While this may seem a breathtakingly original criticism, this would be by no means the first time feminism has been labelled as a cause of depression. The advent of ‘Second Wave’ feminism in the 1960s and 1970s was blamed for increases in female suicide. If you happen to be about 115 years old you may also recall that in early twentieth-century Britain, medical professionals advised that women should not be educated, as this would clearly make their reproductive organs shrivel up.

But for me the relationship is the other way around. For me, a patriarchal society, presumably combined with a genetic predisposition, has been a major factor in my bouts of depression. For me, feminism is part of what guides me towards a solution.

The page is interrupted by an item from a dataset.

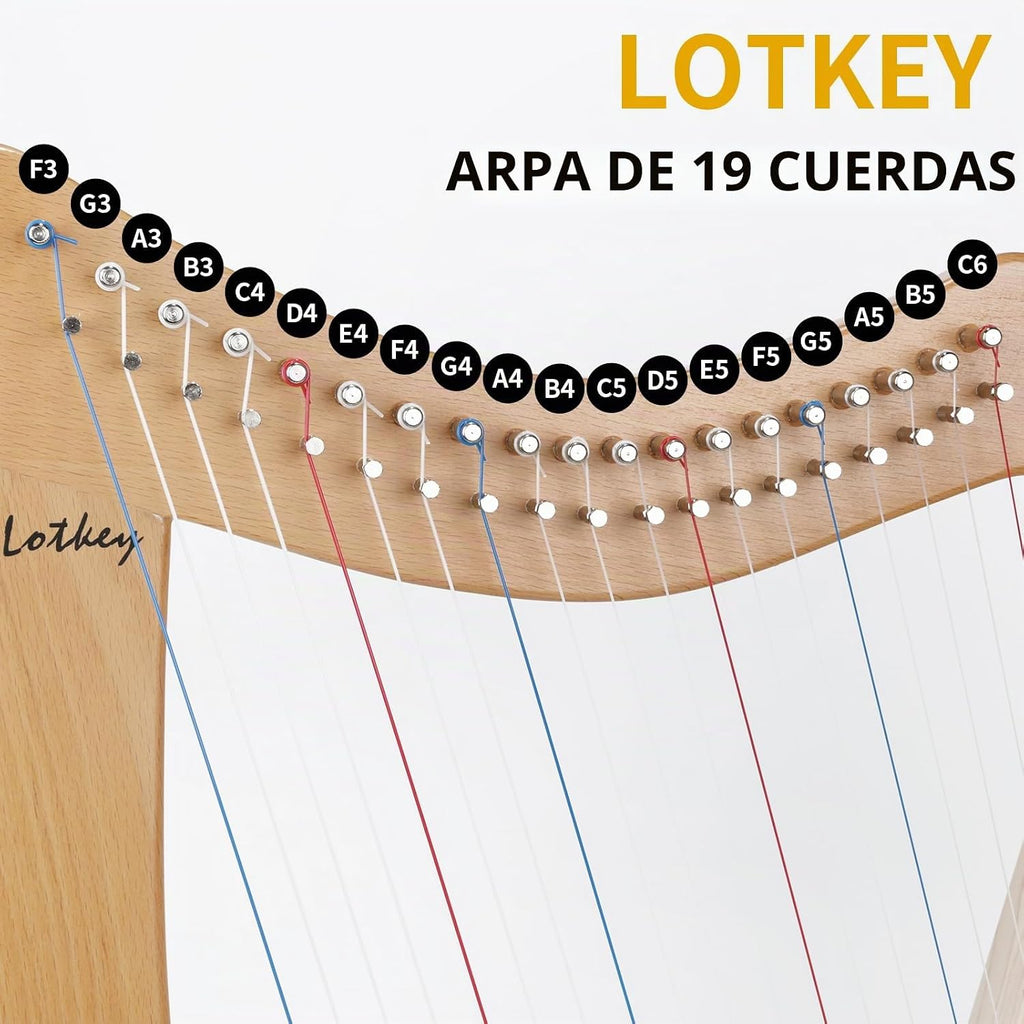 Lotkey Arpa eléctrica de madera de haya de 19 cuerdas, accesorios completos con llave de afinación, bolsa, correa, instrucciones, cable de audio y cuerdas de repuesto, arpa de lira para principiantes y profesionales, regalo ideal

Obviously people of all genders experience depression, and there is no way I ever want to erase anybody’s experience. To ANYONE who is struggling, your experiences are real and valid and there is no one who should tell you otherwise. My point is that our mental health is not entirely separate from the environments in which we grow up and live our lives, as many studies on depression, ethnicity and gender have shown.

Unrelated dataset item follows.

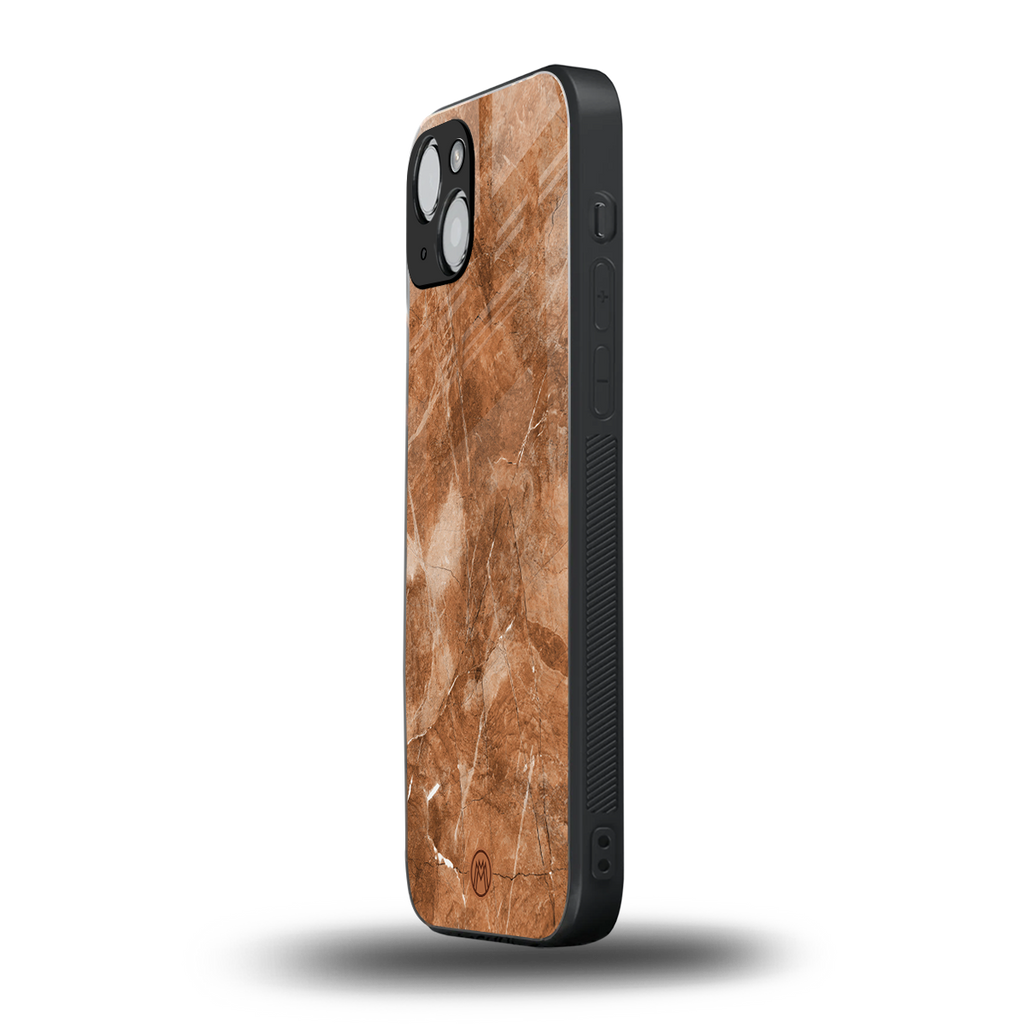 caramel brown marble back phone cover | glass case for iphone 14 plus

Many psychoanalysts have long believed that depression is anger turned inwards. It doesn’t seem too much of a stretch to think that a society which inhibits people’s control and agency over their own lives or finds their anger problematic might contribute to depression.

There is so much that has made me angry. For as long as I can remember. I was angry when I was 11, at the man who leered at me and my friends when we stood on the train station platform on the way to school. I was angry when I was 16, when a man pushed my best friend into a corner and threatened her because she wouldn’t respond to his catcalling as she walked home from work in broad daylight. I was angry when I was 19, when my parents were getting divorced, and I realised for the first time how unfair the marriage had been on my mother.

Yet ‘angry women’ are not really allowed to exist. We are told that good girls don’t get angry. They smile and they understand where everyone is coming from and they’re good at helping other people feel better. Anger in women is often ridiculed. She’s probably on her period, she probably needs to ‘calm down dear’. When you’re not listened to, it’s so easy to feel so powerless. This is even more disproportionately the experience of women of colour, as Hannah Giorgis’s piece on the ‘angry black woman’ stereotype illustrates.

Maybe feminists or other social justice campaigners are more likely to become depressed. But maybe this has a lot to do with the constant demands that they be nice above all else, that they make full allowances for other people’s sensitivity but must not express their hurt, anger or frustration for fear of being dismissed as ‘unreasonable’ or ‘aggressive’.

In my life, feminism is a big part of my cure. Feminism, and all the women who have instilled it in me, have taught me that I am allowed to have control, that my feelings are valid, and that I am under no obligation to be sickeningly, sweetly nice to everyone I meet. When I’m at my worst, but also when I’m at my best.